The trick to not crashing this year was to lead Matt, not follow – Photo: Katie Busick

As we caught back onto the field I found my teammates Mike Morse, Preston Buehrer, and Connor Jennings waiting for me.  They hit the gas and pulled me right to the front. My thought was that I wanted the pace to stay high because even though I had 2 teammates in the break behind me, they were coming with almost all of the race favorites.  If they never caught we had a top 3 guaranteed and if they did catch it was like we did nothing with the move. What I didn’t expect was that my teammates would ride so hard they would rip us off the front with the help of teammate Jake to open the gap and catch out Ethan and Tate.  From catch to second breakaway was 4 laps. It would be another 4 laps before the rest of the original break would lap the field. By then, I was gone with two teammates and four others and none of the two others I bridged with.

The start of the second break was a suicide pull from Mike – Photo: Katie Busick

One of those others was Adam Myerson.  He knew he needed to lap the field to get back into contention because he was one of the only favorites that missed the first move and was quick to help organize us.  As an aside, the last time I won a crit I was in a break with Adam. It was the 2002 New England Crit Championships at Ninigrit. We were teammates and the week prior to that race I was completely useless for the team and Adam was not happy with me, there were words.  It was my 2nd year racing and I hadn’t the foggiest what to do. He sent me an email and basically apologized for assuming I knew how to race and offered to help me learn and that I should join him for Ninigrit. I won the race in a solo move out of the break. I still feel like that guy from 2002 who didn’t know what he was doing.

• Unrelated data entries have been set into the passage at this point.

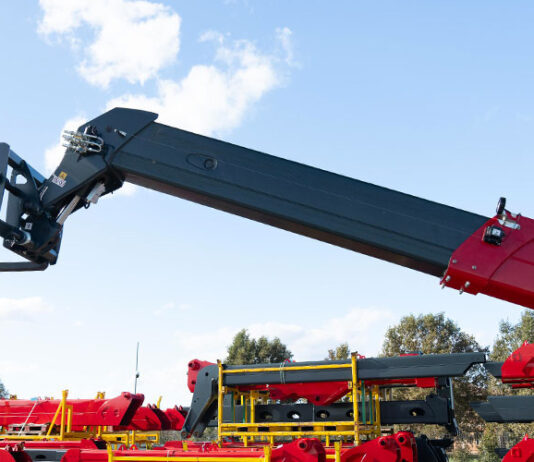 La gamma portaforche di Magni TH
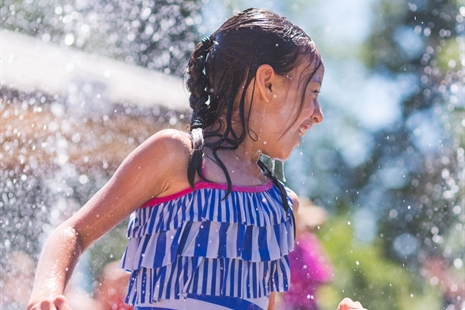 New splash pads for Pontypridd and Ystrad approved by Cabinet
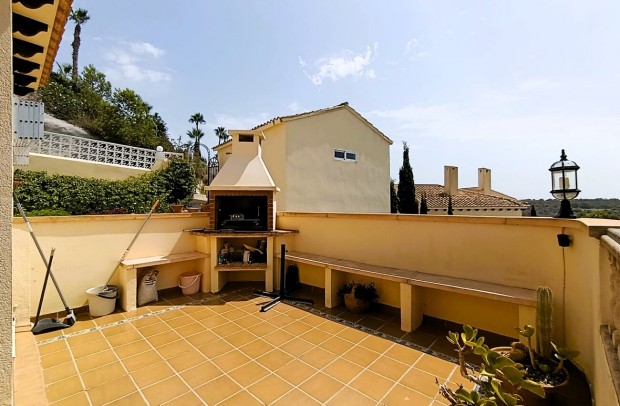 Resale - Villa Detached - Las Ramblas Golf - Costa Blanca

It’s okay to grimace if the people behind you are too – Photo: Katie Busick

From this point on everyone worked hard in the move and both Connor and Preston turned themselves inside out.  Back in the pack Jake and Erik Saunders covered everything while the original breakaway tried to figure out what that hell was going on and where was KBH.  Jake Hollenbach after the race said “You guys remember the end of the 3 Amigos – where the whole village dressed as the Amigos and El Guapo and his crew get all flustered and don’t know what to do?  Today was like that – Kevin was the Amigos and the rest of us were the villagers running around shooting guns off”. That really summed it up well.

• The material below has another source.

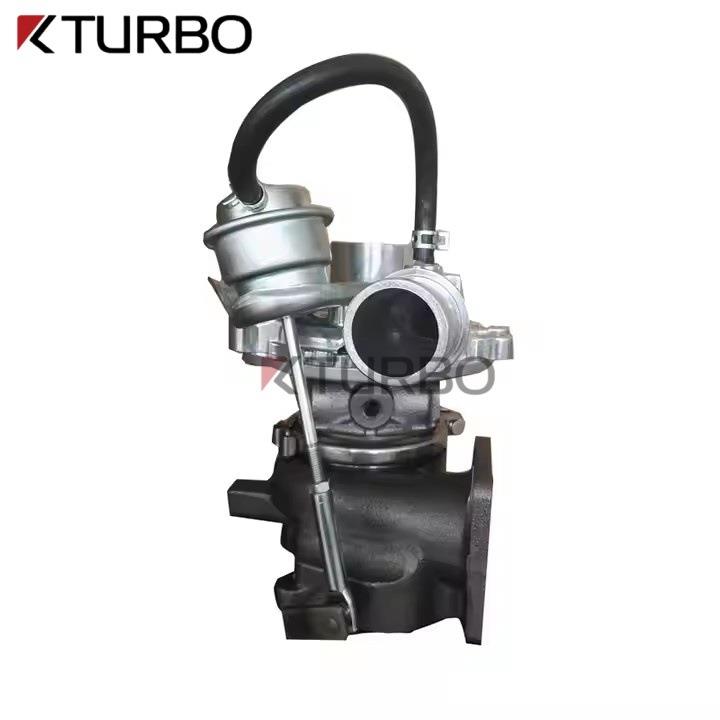 涡轮增压器WL84-13-700 8971228843 VC430089 RHF5 VB430013TU RB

With a few laps to go we finished off lapping the field guaranteeing my victory and ensuring I raced 1 more mile than the pack.  Most of the team held back with me and we cross the line in a flying V because The Mighty Ducks is the greatest cycling movie of all time.

Flying V
Flying V. Notably absent: Matt Curbeau, occupied with the sprint for 2nd place! – Photo: Jon Nable

I was not the strongest guy in the race, not even close, but I was strong enough to be in the right place enough of the time to get lucky.  I also had very savvy teammates to guide me through the pack and put me back off the front and cover anything from the pack after me. Erik who is new to the team and has almost always raced by himself said “It was awesome racing with teammates!”.  It really is the best, especially when we are all friends.

2nd Curtis White, 1st KBH, 3rd Ethan Call – Photo: Jon Nable

Oh, and I realize I am wrong.  I actually won a single crit after that 2002 race.  A 2004 UVM ECCC race when I smoked Mike Barton in a two up sprint.  A month ago our kids did a running race around his house and they each claimed victory over the other.  Life’s a crazy thing.